The color in John's face deepened and then paled. The look of bewilderment that had shone out of his eyes for a moment or two changed to one of indignation. He seemed to swallow something down, then with quiet dignity he said, "You must pardon me, Mr. Avison, if I altogether fail to see where what you term the ignominy comes in. Through a series of unfortunate accidents, some of which I frankly confess myself utterly at a loss to explain, a terrible suspicion was cast upon me; of that suspicion my imprisonment and subsequent trial were the inevitable outcome. But, sir, the verdict of a jury of my countrymen has cleared me from any complicity in a crime of which you, knowing me as you do, ought to be one of the last men in the world to believe me guilty."

Mr.
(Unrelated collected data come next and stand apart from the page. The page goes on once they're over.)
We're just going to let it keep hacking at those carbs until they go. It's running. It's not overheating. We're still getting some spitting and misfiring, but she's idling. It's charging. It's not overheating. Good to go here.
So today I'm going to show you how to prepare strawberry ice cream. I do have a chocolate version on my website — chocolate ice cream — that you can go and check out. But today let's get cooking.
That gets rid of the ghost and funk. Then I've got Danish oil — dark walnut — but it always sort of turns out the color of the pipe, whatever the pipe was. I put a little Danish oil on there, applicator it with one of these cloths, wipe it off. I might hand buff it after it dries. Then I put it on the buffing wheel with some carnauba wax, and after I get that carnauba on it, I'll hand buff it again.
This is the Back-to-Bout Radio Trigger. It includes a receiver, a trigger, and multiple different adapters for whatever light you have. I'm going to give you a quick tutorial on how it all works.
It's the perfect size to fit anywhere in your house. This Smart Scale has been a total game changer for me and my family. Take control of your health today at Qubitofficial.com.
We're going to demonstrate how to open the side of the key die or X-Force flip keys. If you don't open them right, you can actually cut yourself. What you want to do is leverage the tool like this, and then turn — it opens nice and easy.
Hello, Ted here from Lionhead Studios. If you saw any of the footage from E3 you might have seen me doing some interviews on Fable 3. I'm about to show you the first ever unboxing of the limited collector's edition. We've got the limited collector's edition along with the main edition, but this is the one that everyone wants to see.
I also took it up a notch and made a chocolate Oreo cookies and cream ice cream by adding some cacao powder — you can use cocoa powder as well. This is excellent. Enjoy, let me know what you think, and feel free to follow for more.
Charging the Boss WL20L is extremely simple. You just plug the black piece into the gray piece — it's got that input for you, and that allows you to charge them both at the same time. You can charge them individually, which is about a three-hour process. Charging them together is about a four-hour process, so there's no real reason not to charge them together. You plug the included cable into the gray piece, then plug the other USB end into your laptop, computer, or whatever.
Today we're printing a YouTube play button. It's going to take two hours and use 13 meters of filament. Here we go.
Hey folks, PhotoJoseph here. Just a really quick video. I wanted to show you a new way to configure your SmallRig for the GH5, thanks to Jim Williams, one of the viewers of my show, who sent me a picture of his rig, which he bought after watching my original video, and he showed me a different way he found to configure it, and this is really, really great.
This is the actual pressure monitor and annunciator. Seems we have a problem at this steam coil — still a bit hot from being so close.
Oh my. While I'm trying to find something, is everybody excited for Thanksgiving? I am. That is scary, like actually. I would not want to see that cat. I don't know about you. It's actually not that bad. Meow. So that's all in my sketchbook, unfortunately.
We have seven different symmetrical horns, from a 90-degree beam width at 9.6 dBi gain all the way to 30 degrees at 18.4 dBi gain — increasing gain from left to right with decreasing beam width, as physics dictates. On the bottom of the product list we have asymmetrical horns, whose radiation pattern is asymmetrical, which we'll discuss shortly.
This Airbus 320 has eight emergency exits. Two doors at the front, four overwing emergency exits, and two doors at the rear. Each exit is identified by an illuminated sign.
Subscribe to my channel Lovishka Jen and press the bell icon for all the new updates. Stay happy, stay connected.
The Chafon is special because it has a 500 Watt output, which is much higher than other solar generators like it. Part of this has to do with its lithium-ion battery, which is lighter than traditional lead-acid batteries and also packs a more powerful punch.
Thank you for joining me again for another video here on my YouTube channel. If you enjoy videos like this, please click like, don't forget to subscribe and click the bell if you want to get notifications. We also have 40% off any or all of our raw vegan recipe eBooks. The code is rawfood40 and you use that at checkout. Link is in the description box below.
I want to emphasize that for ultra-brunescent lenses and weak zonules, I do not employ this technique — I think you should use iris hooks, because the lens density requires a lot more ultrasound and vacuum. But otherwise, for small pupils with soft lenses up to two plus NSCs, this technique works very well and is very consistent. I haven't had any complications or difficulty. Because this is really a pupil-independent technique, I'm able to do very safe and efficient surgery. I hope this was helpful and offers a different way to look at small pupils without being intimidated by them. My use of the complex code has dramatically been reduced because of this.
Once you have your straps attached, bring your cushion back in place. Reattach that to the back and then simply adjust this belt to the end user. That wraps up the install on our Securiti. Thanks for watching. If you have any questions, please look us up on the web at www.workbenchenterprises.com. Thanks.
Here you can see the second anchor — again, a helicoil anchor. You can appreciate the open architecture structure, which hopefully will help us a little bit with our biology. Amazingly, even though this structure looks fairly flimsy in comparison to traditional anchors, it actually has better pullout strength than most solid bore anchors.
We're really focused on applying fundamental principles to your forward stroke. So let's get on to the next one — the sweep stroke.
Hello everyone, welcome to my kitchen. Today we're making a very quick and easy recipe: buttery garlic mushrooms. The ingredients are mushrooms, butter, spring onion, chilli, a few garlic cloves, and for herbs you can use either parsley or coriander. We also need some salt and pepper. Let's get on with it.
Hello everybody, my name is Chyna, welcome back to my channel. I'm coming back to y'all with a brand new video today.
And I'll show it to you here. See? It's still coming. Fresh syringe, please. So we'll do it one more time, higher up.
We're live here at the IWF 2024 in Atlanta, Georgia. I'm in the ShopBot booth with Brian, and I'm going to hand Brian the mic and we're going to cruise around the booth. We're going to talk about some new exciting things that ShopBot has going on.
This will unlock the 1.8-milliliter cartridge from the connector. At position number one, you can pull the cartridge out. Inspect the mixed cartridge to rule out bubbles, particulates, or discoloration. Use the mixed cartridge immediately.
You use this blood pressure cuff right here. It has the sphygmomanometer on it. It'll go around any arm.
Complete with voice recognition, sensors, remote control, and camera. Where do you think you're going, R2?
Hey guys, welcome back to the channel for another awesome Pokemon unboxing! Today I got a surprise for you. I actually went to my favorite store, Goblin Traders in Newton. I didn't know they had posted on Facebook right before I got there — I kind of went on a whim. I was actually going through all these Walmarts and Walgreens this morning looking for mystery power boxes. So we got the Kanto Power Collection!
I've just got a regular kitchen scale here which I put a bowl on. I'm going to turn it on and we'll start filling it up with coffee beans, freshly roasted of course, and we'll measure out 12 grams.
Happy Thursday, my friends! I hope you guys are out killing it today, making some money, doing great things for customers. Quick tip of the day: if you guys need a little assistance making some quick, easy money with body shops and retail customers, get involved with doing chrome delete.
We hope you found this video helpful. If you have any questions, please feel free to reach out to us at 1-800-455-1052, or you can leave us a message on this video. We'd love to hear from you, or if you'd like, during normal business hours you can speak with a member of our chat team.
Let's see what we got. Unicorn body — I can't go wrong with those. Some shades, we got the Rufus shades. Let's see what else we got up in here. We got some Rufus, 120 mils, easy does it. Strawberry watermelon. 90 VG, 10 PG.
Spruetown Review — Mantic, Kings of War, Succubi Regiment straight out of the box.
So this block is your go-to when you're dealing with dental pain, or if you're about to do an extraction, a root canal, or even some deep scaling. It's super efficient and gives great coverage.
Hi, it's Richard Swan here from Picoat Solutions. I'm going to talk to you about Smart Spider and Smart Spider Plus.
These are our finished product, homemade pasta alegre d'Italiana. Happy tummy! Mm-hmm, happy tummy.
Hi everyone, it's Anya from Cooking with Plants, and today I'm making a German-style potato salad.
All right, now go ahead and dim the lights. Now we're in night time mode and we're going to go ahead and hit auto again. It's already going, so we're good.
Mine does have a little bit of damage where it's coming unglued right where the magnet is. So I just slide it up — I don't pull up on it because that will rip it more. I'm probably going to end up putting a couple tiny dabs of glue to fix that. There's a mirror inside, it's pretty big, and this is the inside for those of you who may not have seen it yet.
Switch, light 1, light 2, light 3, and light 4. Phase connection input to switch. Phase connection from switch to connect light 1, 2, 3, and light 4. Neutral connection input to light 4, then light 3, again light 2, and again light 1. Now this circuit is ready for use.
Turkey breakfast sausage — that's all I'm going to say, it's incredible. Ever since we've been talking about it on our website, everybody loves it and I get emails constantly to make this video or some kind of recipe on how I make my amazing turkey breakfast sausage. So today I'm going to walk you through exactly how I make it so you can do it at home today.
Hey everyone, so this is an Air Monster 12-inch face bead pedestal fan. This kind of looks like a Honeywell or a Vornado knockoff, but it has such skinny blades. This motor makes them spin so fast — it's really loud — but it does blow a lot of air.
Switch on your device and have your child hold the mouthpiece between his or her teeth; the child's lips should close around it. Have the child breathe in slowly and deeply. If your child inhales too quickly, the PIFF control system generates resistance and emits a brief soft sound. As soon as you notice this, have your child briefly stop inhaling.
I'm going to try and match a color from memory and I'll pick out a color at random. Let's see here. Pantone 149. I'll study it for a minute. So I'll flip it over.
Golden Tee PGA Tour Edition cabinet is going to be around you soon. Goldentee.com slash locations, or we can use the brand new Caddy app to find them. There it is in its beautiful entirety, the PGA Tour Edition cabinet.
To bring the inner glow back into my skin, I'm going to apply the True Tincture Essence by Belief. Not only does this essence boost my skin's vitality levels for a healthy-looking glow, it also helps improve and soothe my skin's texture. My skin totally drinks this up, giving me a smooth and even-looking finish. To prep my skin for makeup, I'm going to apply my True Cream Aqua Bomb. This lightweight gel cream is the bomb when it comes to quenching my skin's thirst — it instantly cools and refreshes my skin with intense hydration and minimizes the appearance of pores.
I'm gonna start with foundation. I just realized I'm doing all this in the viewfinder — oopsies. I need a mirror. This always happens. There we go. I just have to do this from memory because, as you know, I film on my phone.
Avison chose to ignore the latter part of John's dignified protest. "Yes," he said, in his chilliest tones, "it is precisely because there are so many circumstances connected with the case which still lack explanation, that----" Then he paused, staring with glassy, contracted eyes at John.

John started to his feet with flaming eyes and quivering nostrils.

"Do you mean to imply, sir, that any suspicion, even the slightest, still lingers in your mind that I was in any way privy to the death of Mr. Hazeldine?"

"I mean to imply nothing, Brancker. I am not in the habit of dealing in implications. After careful consideration of all the circumstances, I have deemed it advisable that you and I should part, at least for a time; for which reason it is that I have interested myself in your favor with my relative, Mr. Pencathlow, who will, I am sure----"

"Mr. Avison, not another word is needed," broke in John, with an abrupt wave of his arm. "If those are your sentiments towards me, then, indeed, the sooner you and I part the better."